Exercise objective:
Up to and including the line that contains "Kolík válcový kalený DIN 6325 St pr.2,0h6x36", reproduce every line exactly, beginning with the first line below.

Records for the task:

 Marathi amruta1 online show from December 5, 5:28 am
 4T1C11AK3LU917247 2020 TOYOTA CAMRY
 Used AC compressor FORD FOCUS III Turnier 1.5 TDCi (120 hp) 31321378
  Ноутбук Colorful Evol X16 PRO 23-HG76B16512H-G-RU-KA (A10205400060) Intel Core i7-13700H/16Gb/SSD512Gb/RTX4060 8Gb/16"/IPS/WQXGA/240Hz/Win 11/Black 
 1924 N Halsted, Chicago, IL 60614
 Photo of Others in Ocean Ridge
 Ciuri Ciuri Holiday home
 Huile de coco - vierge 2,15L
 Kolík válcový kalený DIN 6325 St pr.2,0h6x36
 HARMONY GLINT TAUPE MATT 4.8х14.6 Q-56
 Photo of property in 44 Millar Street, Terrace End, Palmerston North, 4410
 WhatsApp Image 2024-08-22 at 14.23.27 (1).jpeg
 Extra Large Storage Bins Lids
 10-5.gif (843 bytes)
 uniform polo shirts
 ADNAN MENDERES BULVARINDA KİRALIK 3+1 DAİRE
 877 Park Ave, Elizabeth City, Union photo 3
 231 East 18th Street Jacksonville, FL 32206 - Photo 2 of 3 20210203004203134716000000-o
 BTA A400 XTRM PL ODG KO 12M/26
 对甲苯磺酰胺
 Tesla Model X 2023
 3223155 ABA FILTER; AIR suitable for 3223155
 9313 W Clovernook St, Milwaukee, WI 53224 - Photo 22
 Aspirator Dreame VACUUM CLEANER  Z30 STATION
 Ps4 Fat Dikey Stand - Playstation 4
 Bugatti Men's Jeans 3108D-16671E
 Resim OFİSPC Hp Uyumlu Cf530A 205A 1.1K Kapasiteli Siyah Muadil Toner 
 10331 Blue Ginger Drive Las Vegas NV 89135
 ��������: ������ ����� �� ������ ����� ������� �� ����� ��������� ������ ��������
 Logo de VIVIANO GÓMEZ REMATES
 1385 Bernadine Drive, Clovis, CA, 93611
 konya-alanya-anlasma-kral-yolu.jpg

Answer to this exercise:
 Marathi amruta1 online show from December 5, 5:28 am
 4T1C11AK3LU917247 2020 TOYOTA CAMRY
 Used AC compressor FORD FOCUS III Turnier 1.5 TDCi (120 hp) 31321378
  Ноутбук Colorful Evol X16 PRO 23-HG76B16512H-G-RU-KA (A10205400060) Intel Core i7-13700H/16Gb/SSD512Gb/RTX4060 8Gb/16"/IPS/WQXGA/240Hz/Win 11/Black 
 1924 N Halsted, Chicago, IL 60614
 Photo of Others in Ocean Ridge
 Ciuri Ciuri Holiday home
 Huile de coco - vierge 2,15L
 Kolík válcový kalený DIN 6325 St pr.2,0h6x36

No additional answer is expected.